Work order
Only certain lines below are wanted: those starting at the line containing "Mini Boden Christmas" and ending at the line containing "XIHIRCD 32pcs Ice", both included, each retyped exactly.
--- Data in this exercise Enclosed Below ---
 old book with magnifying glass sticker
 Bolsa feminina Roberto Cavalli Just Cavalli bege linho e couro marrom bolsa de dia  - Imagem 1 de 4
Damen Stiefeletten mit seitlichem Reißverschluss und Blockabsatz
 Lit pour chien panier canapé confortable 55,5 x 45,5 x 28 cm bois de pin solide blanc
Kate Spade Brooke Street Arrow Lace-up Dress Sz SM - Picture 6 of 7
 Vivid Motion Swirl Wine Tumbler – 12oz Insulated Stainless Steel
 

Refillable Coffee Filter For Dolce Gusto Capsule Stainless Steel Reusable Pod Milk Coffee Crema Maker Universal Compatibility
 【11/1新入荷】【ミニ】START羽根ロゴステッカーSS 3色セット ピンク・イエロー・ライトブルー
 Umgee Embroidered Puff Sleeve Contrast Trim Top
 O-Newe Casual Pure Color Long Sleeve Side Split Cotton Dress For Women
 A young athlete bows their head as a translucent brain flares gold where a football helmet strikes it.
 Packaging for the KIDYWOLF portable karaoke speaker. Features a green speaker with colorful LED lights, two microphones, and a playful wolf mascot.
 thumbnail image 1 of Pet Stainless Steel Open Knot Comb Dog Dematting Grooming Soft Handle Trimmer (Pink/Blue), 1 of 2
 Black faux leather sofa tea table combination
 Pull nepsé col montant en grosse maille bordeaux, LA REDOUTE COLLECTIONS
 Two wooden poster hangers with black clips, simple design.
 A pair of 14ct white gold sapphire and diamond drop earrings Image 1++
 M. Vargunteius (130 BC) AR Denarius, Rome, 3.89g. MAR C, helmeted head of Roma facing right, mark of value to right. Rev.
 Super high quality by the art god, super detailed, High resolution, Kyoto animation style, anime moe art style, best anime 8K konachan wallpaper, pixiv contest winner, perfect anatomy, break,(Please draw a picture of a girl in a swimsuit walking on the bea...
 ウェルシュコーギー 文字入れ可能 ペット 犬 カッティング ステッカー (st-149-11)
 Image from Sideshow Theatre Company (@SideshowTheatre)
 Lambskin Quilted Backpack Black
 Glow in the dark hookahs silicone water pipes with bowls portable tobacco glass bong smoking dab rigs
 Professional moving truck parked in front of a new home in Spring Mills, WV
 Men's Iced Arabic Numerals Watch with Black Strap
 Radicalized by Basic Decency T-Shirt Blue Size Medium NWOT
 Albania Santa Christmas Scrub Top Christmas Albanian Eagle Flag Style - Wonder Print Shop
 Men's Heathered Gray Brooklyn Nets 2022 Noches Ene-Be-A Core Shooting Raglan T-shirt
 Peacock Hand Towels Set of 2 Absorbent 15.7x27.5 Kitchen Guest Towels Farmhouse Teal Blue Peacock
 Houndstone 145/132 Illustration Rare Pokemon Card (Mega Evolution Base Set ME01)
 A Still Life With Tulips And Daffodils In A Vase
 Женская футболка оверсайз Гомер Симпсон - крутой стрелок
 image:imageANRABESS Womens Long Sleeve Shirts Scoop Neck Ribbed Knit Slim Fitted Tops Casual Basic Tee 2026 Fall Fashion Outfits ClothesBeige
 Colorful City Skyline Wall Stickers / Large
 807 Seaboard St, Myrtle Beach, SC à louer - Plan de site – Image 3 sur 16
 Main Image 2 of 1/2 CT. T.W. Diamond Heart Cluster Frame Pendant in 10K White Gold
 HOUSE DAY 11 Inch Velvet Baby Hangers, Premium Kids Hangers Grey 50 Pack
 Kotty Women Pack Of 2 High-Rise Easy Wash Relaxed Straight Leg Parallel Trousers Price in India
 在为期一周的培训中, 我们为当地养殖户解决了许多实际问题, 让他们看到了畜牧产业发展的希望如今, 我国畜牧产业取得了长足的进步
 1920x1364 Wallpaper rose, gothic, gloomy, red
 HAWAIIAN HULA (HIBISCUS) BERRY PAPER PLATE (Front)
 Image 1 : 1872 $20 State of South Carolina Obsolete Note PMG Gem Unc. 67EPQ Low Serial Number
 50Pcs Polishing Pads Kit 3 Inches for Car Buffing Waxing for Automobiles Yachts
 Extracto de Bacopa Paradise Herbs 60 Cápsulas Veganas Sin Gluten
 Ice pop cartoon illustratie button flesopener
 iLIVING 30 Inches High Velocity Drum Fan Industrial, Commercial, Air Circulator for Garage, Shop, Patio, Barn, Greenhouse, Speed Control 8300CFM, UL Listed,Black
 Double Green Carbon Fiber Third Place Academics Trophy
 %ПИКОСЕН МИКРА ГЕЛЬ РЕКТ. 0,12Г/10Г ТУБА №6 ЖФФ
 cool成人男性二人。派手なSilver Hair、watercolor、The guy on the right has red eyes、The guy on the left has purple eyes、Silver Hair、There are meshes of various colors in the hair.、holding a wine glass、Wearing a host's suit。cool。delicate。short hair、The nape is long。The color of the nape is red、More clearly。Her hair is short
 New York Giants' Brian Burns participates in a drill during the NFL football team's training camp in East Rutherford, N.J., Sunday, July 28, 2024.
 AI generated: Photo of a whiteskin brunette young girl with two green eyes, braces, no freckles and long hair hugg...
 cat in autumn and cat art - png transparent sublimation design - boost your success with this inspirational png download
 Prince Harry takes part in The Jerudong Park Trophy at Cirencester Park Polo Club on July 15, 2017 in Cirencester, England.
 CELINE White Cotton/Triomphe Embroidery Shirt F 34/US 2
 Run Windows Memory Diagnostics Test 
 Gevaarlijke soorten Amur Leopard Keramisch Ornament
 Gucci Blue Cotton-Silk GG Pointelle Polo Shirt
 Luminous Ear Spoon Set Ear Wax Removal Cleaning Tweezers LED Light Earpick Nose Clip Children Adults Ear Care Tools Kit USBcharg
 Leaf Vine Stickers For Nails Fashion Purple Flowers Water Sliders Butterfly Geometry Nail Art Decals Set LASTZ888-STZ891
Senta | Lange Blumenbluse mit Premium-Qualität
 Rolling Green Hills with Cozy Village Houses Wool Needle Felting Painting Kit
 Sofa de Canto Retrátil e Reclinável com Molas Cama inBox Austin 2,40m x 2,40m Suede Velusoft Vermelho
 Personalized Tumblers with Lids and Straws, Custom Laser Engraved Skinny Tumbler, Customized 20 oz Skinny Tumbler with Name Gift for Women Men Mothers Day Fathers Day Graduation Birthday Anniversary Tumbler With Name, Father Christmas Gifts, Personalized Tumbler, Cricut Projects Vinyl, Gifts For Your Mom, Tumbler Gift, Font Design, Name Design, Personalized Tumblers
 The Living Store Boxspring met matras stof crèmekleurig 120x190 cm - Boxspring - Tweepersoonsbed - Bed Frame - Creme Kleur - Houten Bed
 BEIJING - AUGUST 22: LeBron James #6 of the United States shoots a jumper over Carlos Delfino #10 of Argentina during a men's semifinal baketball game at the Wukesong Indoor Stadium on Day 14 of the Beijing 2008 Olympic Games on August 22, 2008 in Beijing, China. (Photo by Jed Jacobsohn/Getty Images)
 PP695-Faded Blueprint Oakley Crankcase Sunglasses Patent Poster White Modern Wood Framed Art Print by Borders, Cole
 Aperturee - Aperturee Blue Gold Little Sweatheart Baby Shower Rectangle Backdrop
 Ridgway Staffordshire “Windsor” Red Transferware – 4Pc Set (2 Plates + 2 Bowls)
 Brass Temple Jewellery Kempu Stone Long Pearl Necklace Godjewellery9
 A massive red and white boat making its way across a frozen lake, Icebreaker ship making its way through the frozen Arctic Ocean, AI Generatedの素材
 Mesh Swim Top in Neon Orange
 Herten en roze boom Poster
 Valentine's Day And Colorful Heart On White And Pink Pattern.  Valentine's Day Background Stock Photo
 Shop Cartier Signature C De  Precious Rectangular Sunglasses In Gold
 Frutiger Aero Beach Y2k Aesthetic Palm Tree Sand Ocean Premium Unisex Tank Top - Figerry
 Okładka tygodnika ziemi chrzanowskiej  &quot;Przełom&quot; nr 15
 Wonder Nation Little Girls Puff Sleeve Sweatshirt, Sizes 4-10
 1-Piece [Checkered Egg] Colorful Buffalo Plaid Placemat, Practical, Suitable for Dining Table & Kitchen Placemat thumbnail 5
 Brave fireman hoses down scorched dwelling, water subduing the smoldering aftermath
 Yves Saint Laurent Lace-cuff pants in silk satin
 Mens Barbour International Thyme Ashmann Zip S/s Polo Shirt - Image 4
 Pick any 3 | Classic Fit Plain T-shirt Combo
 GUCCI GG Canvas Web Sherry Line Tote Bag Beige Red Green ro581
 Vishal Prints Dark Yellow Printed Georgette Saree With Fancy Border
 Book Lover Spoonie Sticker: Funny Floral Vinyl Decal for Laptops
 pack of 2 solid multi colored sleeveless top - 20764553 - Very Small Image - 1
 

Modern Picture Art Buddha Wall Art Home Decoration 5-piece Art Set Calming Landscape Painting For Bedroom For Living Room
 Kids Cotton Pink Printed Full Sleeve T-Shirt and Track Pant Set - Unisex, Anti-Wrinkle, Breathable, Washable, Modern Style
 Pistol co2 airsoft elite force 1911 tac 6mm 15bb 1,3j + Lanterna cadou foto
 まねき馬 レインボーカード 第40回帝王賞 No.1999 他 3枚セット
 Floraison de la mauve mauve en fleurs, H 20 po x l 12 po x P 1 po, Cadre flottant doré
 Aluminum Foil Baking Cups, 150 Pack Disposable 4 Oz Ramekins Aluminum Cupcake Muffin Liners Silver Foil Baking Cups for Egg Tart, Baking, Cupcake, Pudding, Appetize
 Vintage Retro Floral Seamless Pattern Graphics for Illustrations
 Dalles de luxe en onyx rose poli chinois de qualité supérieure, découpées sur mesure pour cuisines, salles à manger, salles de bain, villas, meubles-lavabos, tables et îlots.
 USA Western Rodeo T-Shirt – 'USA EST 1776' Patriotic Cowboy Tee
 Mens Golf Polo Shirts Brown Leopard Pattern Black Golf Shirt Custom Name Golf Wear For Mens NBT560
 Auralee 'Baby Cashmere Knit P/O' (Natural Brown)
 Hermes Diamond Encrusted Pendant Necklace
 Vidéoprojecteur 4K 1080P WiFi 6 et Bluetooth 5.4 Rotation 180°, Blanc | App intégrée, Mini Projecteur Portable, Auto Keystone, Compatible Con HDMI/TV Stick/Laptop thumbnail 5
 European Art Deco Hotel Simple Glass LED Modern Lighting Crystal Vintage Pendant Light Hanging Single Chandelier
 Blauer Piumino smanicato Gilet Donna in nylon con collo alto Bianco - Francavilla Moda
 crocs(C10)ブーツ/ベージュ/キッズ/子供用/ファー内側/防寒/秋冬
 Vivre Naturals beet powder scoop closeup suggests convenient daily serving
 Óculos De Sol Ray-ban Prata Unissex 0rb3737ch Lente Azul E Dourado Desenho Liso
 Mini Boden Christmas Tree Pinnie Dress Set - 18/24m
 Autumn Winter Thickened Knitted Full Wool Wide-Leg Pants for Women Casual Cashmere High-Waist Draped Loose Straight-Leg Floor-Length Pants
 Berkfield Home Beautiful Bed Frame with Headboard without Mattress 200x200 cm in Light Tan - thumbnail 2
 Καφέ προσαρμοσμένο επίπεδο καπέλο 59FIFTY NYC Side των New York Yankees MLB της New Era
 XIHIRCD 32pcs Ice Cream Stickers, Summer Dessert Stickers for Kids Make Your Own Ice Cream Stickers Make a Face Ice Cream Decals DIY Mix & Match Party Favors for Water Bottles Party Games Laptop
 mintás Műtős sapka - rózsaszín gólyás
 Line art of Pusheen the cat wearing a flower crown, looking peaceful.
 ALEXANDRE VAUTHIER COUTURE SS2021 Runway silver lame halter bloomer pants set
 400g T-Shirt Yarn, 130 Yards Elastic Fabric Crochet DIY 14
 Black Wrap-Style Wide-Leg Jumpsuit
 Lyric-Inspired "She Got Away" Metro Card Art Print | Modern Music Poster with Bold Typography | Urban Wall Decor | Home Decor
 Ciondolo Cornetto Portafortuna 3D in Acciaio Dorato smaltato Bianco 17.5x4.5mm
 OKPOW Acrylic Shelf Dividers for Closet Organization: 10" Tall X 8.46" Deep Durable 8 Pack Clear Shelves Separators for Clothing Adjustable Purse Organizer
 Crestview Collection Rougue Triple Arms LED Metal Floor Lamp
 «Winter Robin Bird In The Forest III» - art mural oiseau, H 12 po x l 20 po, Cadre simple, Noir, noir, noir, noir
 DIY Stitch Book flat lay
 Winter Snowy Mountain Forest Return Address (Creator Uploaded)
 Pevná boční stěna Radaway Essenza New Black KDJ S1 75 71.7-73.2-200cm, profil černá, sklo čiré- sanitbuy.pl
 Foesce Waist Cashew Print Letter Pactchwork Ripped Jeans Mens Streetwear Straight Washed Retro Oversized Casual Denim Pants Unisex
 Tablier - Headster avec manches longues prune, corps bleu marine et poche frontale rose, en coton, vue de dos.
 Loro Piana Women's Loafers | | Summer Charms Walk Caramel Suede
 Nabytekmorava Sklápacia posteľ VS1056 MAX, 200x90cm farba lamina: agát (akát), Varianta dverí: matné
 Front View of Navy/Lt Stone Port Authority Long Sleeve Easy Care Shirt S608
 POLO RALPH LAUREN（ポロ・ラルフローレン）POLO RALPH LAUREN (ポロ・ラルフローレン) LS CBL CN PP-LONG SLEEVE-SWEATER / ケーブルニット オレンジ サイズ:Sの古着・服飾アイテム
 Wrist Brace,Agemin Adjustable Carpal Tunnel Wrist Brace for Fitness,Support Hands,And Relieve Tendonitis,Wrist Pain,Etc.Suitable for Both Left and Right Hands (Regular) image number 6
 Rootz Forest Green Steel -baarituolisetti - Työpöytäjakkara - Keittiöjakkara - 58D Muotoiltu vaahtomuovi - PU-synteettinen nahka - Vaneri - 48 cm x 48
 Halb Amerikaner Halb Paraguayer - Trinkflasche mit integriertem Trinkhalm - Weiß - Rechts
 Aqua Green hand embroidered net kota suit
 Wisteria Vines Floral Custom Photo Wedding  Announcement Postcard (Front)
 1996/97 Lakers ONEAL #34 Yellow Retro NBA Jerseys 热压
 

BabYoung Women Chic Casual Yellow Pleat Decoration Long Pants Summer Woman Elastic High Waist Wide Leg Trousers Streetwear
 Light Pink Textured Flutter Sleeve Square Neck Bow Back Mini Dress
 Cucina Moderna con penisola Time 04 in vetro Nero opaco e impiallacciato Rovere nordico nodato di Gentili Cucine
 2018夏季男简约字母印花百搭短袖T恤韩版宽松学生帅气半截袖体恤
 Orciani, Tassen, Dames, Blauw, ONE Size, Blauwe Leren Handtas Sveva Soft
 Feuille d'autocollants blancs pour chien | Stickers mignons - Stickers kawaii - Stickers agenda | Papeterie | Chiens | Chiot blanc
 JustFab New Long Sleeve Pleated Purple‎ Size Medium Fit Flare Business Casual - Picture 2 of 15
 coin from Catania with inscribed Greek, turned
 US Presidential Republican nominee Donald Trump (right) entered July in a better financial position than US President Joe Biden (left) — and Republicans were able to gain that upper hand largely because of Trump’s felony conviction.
--- End of Enclosed Data in this exercise ---
Solution
 Mini Boden Christmas Tree Pinnie Dress Set - 18/24m
 Autumn Winter Thickened Knitted Full Wool Wide-Leg Pants for Women Casual Cashmere High-Waist Draped Loose Straight-Leg Floor-Length Pants
 Berkfield Home Beautiful Bed Frame with Headboard without Mattress 200x200 cm in Light Tan - thumbnail 2
 Καφέ προσαρμοσμένο επίπεδο καπέλο 59FIFTY NYC Side των New York Yankees MLB της New Era
 XIHIRCD 32pcs Ice Cream Stickers, Summer Dessert Stickers for Kids Make Your Own Ice Cream Stickers Make a Face Ice Cream Decals DIY Mix & Match Party Favors for Water Bottles Party Games Laptop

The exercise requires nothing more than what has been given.